Feedback is generally considered well understood. In fact, starting with a definition may seem simplistic to some. Still, there’s value in putting us all on the same page.

One definition we especially like is actually aimed at providing feedback for individuals’ behavior. But let’s paraphrase it to describe feedback in content management: input from the present about past content creations may affect future content creations.

Why is feedback key?

Feedback is not so very different from the telemetry—the process of recording and transmitting the readings of an instrument—used to monitor the condition of spacecraft. It provides data on the status of vehicles in space. Similarly, feedback from sales reps provides data on the status of content out in the field.

Telemetry sounds very scientific and formal, and it is. On the other hand, feedback sounds laid back and informal, and it is. However, technology is making it more and more precise.

With that space analogy in mind, we can pose some questions based on the feedback we receive:

  • Is the content off course (not connecting with the intended audience)?
  • Is it in a decaying orbit (losing relevance)?
  • Has it suffered a catastrophic failure (not being used by sales reps at all)?

How to integrate feedback into your process

While we are focused on definitions, it would be good to have an agreement on a term often closely associated with feedback—agile.

Agile is more appropriately a description of content development itself and the mechanics of content creation. However, these topics end up being talked about in the same breath, so it seems relevant to us.

Agile, in a content context, is borrowed from the world of software development. At its heart is the idea that development is iterative and incremental in nature. It is nimble and quick.

Think in a different way

Think of composing a letter of explanation on behalf of a committee of coworkers. You make a start by creating a draft. You know at the outset that what you’re creating will not be the final product.

You want reactions from your committee members to improve upon your first effort. So you take this input and integrate it into the original to quickly create something better than what you started with. This is agile in action.

Fuel the effort

In an agile process, feedback is the high-octane fuel that drives the effort.

Without it, it would be impossible to know what to change, how much or in what ways. And getting the reactions quickly and using them promptly are what make the process agile.

Get strategic

Creating an agile content strategy with all the feedback mechanisms in place is absolutely the way to proceed. However, just building a process that works on paper doesn’t mean it will flourish in reality.
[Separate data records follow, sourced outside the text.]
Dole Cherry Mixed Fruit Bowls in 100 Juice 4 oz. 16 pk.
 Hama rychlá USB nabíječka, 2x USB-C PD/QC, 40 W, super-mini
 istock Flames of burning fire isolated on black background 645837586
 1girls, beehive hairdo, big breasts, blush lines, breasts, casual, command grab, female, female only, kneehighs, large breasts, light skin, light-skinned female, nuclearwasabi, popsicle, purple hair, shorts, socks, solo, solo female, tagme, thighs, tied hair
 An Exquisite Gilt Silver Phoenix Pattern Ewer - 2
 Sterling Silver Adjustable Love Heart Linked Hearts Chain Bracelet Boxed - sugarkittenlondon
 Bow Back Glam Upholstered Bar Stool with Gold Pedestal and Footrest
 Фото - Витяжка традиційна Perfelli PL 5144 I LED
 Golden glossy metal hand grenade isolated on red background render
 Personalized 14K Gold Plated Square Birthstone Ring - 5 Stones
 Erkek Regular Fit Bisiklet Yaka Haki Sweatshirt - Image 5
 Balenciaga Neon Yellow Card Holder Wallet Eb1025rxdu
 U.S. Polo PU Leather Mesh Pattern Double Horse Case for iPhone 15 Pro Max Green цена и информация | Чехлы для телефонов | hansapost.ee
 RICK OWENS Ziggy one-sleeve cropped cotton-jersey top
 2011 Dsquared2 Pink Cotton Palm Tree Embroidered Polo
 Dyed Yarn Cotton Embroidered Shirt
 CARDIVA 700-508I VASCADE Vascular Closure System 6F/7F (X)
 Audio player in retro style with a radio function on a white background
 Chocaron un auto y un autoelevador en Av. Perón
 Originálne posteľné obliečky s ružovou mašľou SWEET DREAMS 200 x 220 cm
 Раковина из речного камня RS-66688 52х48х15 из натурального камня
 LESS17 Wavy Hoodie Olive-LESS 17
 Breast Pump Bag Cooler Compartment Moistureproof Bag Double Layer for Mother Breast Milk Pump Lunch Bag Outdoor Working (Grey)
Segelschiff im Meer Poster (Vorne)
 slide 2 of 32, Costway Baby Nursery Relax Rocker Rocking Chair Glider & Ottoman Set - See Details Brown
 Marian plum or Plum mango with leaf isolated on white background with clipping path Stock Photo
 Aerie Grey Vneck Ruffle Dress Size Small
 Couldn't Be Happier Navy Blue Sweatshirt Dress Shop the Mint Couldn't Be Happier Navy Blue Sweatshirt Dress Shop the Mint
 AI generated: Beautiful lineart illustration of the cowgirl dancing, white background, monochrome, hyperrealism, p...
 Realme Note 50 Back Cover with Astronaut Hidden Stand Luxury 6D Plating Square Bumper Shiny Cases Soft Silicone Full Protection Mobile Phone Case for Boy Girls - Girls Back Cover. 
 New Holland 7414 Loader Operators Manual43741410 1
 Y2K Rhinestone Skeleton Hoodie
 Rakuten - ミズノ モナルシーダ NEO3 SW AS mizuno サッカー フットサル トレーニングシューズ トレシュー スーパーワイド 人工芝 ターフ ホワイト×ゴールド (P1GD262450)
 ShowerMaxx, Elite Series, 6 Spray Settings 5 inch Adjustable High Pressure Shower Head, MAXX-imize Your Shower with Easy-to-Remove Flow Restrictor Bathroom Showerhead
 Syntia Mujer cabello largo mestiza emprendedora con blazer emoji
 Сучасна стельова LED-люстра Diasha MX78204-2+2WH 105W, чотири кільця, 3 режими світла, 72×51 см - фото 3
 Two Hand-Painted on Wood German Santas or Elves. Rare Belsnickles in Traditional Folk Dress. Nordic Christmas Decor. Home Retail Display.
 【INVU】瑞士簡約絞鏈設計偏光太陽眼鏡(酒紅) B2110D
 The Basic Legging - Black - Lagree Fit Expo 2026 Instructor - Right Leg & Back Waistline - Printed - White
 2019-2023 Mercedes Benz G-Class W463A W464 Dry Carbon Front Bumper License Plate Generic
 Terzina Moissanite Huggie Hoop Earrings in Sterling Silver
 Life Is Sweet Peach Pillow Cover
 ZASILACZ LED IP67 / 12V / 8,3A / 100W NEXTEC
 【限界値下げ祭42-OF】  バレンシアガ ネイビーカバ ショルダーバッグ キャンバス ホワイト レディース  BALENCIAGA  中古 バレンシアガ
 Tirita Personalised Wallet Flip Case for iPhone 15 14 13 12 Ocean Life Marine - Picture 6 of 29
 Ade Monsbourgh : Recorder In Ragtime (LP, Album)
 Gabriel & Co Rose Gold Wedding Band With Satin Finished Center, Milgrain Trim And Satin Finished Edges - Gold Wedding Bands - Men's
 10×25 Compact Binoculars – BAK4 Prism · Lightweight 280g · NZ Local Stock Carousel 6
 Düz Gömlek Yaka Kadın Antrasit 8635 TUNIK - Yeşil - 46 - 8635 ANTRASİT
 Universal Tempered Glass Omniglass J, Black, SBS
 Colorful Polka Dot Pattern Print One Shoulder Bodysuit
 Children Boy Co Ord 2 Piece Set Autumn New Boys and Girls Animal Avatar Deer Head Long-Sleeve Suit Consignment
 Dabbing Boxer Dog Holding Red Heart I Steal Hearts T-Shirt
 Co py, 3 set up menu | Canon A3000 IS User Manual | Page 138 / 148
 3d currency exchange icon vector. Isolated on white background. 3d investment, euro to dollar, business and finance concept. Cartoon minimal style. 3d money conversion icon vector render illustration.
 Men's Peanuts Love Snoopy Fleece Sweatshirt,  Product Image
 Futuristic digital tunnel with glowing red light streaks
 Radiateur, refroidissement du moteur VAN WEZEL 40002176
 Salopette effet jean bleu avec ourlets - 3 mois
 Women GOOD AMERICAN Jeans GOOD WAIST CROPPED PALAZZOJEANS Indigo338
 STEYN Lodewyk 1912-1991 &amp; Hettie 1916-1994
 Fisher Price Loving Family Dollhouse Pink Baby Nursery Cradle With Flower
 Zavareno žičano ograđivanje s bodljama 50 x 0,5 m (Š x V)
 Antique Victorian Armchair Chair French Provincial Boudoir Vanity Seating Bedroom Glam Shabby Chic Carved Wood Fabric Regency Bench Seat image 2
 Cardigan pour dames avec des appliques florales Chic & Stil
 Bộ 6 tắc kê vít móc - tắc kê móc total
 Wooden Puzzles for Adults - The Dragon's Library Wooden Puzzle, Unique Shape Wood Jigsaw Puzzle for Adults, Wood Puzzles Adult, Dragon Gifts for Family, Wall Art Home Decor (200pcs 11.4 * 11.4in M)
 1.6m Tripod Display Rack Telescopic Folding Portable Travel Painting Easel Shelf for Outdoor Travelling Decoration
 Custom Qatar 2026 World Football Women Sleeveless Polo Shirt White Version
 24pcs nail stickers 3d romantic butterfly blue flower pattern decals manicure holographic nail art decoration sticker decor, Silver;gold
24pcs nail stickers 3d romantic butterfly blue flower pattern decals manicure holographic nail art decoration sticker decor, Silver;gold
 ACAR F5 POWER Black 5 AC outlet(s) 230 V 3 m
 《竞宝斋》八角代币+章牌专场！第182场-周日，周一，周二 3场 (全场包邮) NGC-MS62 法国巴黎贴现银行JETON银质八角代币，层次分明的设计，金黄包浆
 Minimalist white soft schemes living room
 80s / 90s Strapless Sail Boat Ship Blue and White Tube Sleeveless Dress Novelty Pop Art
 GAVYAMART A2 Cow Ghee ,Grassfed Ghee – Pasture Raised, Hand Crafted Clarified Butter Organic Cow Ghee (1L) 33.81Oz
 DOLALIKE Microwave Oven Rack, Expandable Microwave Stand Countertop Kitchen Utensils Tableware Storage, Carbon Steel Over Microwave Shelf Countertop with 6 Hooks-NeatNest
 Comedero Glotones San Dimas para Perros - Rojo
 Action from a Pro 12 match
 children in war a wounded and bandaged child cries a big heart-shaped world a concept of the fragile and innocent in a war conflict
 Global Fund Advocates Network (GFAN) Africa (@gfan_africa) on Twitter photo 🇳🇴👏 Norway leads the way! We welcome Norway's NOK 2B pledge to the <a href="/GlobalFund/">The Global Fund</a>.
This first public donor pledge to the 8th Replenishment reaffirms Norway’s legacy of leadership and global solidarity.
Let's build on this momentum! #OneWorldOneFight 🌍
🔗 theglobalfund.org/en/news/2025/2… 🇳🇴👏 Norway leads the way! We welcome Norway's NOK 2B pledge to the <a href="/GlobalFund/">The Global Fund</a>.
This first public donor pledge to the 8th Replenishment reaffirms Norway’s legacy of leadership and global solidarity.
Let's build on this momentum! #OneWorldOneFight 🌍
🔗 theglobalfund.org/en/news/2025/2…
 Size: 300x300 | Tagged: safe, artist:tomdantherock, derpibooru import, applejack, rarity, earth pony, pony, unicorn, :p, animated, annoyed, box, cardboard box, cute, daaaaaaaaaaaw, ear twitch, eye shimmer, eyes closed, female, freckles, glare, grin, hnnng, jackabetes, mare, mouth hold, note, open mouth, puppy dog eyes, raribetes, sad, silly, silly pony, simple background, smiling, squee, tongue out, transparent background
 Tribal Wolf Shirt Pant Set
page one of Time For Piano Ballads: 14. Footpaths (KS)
Remember, sales reps are there to sell. They don’t want to think about content. And insisting that they spend any time providing feedback is not the answer either.

Imagine an Olympic runner who undergoes disciplined training for years to hone his body into a running machine. Now imagine someone wants him to run the Olympic final—with his shoelaces tied together. No matter how good he is or how well-trained, he won’t succeed. It’s like a ballerina in work boots. How graceful a performance will she have?

Work to eliminate barriers

No one consciously handicaps sales reps, but sometimes misunderstandings or miscommunications can have that effect. Feedback is critical, but it’s no secret that gathering it can be quite a challenge.

The best way to ensure you get it is to eliminate any and all barriers or handicaps that could possibly stand in the way of reps providing it to you. Said another way: It must be absolutely effortless for reps.

Related

What You Need to Know about Agile Design

How to improve the process

This is where technology comes in. With the right system in place, sales reps will be able to provide feedback without even realizing they’re doing it. Your system can collect data about what content is most popular as well as when it’s being used and by whom. It can be set up to couple feedback with analytics in ways that will multiply the benefits for you.

For example, a properly designed feedback mechanism can tell you if your visual content is more popular than your written content. You can also learn if content about widgets has been more popular in the last month than content about gadgets.

Of course, it can also collect comments and suggestions offered by sales reps. And when your feedback feeds your analytics, the comments become the icing on the cake.

Using feedback to help your people and your brand

Once you establish technological solutions to help you collect feedback effortlessly, it’s important to use it. The data collected through analytics is the most important information you’ll receive about your content strategy. In fact, it’s so important that it should be the key driver in your strategy.

Think about it

First, get transparency about the who, what, when, where, why and how of sales reps’ usage of content. Then you’ll have all the information you need to adapt, iterate, and continuously improve that content.

Remember, when it comes to agile content development, feedback is the magic elixir—the super fuel that drives the engine of change and continual improvement.